Hij die nooit twijfelde aan zijn toestand,
hij kan, hij kan misschien…. te laat zijn.”

Bedachtzaam en Overmoedig vielen in de put. Hij, die te zeker is door een vleselijke zekerheid welke niet gebaseerd is op de belofte en ook niet rust op Christus, zal vroeg of laat zich gedwongen zien zijn bed op te maken in de hel. Ik verbaas me, wanneer ik naar de tekst kijk, dat deze mensen zich zonder angst zouden voeden bij de liefdemaaltijden. Ik veronderstel dat dit kan doelen op de liefdemaaltijden, maar ook op het Avondmaal des Heren. Hoe een goddeloos mens de wijn kan drinken, die het bloed van Christus symboliseert, terwijl hij de hele tijd door Christus kruisigt, kan ik niet begrijpen. Hoe hij het brood kan breken bij de Tafel des Heren, wanneer hij zijn leven doorbrengt met hoeren of geld verdient door oneerlijkheid, kan ik niet vatten. Maar zonde is een onbegrijpelijk iets. O, de diepte van menselijke zonde! Mijn geliefde vrienden, als iemand van u blijk geeft van deze hardheid van hart, bid dan tot God dat u vergeving mag krijgen; maar ik ben bijna bang dat u dat nooit zult doen, want als er een zonde tot de dood is, moet het zeker een zonde zijn als deze, wanneer een mens zonder vrees naar de heilige feesten van Gods huis kan gaan, terwijl hij weet dat zijn hart verdorven is en, zoals Bunyan zegt, slechts geschikt als tondel voor de tondeldoos van de duivel. Ik zal met dat punt ophouden, wanneer ik u een gedeelte uit “De Pelgrimsreis” heb voorgelezen, wat mij gisteren trof als een beschrijving van de ondergang van de bedrieger. “Toen ze nu langs een weggetje waren gegaan, kwamen ze in een erg donkere laan, waar zij een man tegenkwamen, die door zeven duivelen was gebonden met zeven sterke koorden; ze droegen hem terug naar de deur, die ze zagen in de zijkant van de heuvel. Nu begon de goede Christen te beven en ook Hoop, zijn metgezel; toch keek Christen, toen de duivels de man wegvoerden, om te zien of hij hem kende en hij dacht dat het een zekere meneer Afkerig kon zijn, die woonde in de stad Afvalligheid.

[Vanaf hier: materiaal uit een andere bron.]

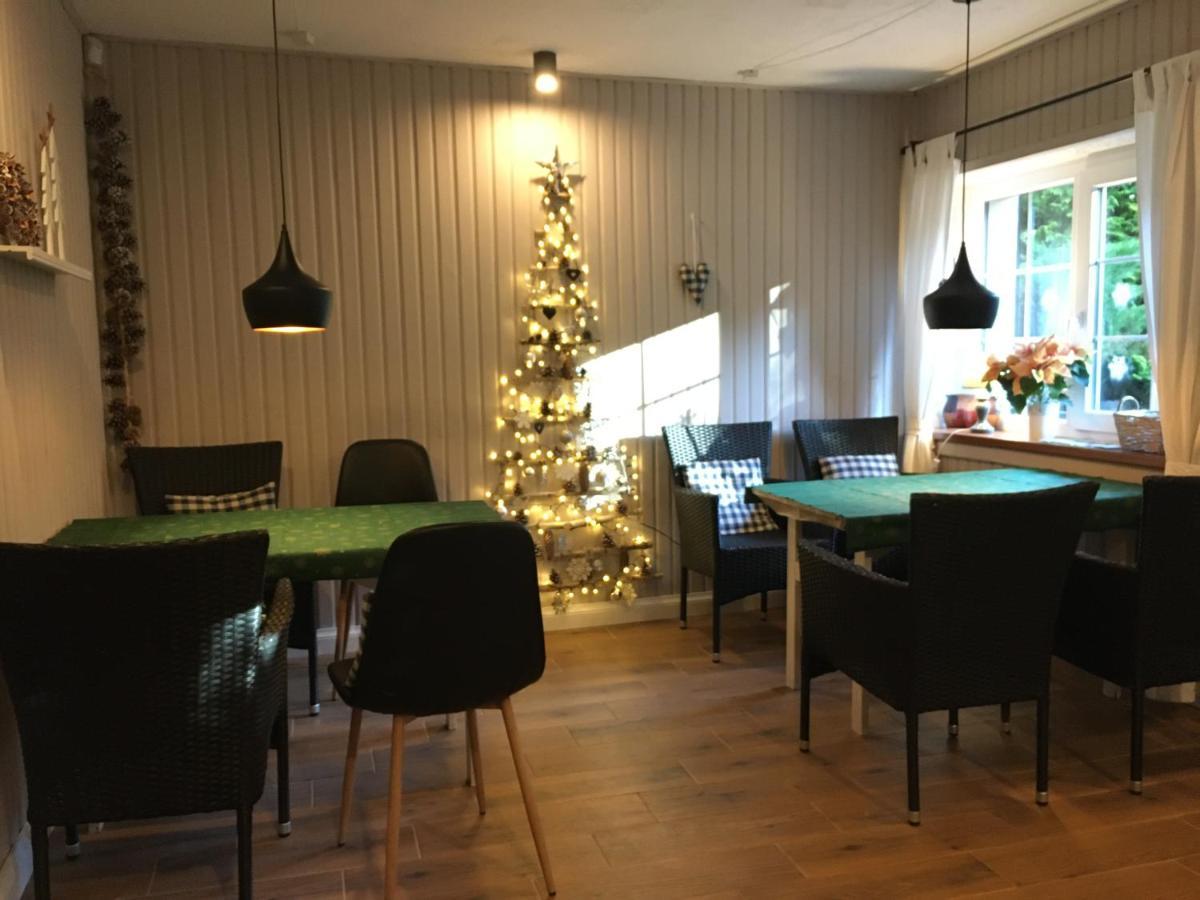 Homestay Szyszka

Maar hij kon niet volledig zijn gezicht zien, want hij liet zijn hoofd hangen, als een dief die is betrapt. Maar toen zij voorbij waren gegaan, keek Hoop achterom naar hem en ontdekte op zijn rug een papier met dit opschrift: ‘LICHTZINNIGE BELIJDER EN VERDOEMELIJKE AFVALLIGE’”. God geve dat dat papier nooit op onze rug geplakt mag worden, maar dat we door de bewarende genade bewaard mogen blijven tot het einde.

IV. Ik zal nu afsluiten met het vierde punt door deze vraag te stellen; aangezien het duidelijk is dat goddeloze mensen het een poosje toegestaan wordt in de gemeente van God te verblijven: WAT IS GODS BEDOELING DAARMEE? Wat is de les die Hij hiermee vanmorgen aan u en aan mij geeft? Dat is onze belangrijkste zaak: we hebben weinig van doen met anderen, onze zaak gaat onszelf aan.

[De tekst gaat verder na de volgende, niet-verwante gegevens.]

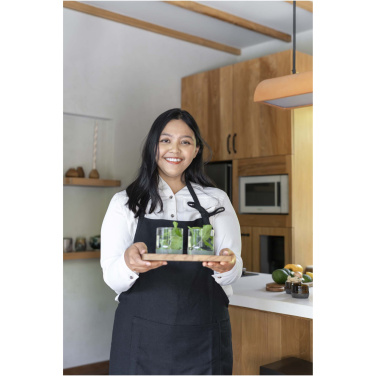 Logo trade advertising product photo of: Originalhome recycled apron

De eerste les is deze: God herinnert een ieder van ons eraan wat wij geweest zouden zijn zonder Zijn onderscheidmakende genade. Judas verkoopt Christus en zijn enige beloning is een strop om zich daarmee op te hangen. Waarom zou ik Judas niet hebben kunnen zijn? Ananias sterft met een leugen in zijn mond: waarom zou ik niet die ongelukkige man hebben kunnen zijn? Stel die vraag Christen: is er iets beters in uw hart dan in het hart van Judas? Bent u van nature beter dan Ananias? Is er enige goedheid in uw aard dat u bewaard zou hebben voor hun zonde, als u aan uzelf was overgelaten zoals zij? Judas was een apostel, let wel, een prediker, een wonderdoener. Hij doopte zijn hand met Jezus in de schotel en toch verkocht hij Hem, en waarom u niet? Laat de eigengerechtigheid niet fluisteren: “Ah! Ik zou dat nooit hebben gedaan.” Hoe weet u dat? Simon Petrus zei, dat hij zijn Meester nooit in de steek zou laten, maar weldra had hij Hem met vloeken en zweren verloochend. “Daarom, wie meent te staan, zie toe, dat hij niet valle.” Wat een ander mens heeft gedaan, zou ik kunnen doen en er zijn geen diepten van goddeloosheid waarin ik mij niet zou hebben gestort als voorkómende genade mijn loop niet tot staan had gebracht.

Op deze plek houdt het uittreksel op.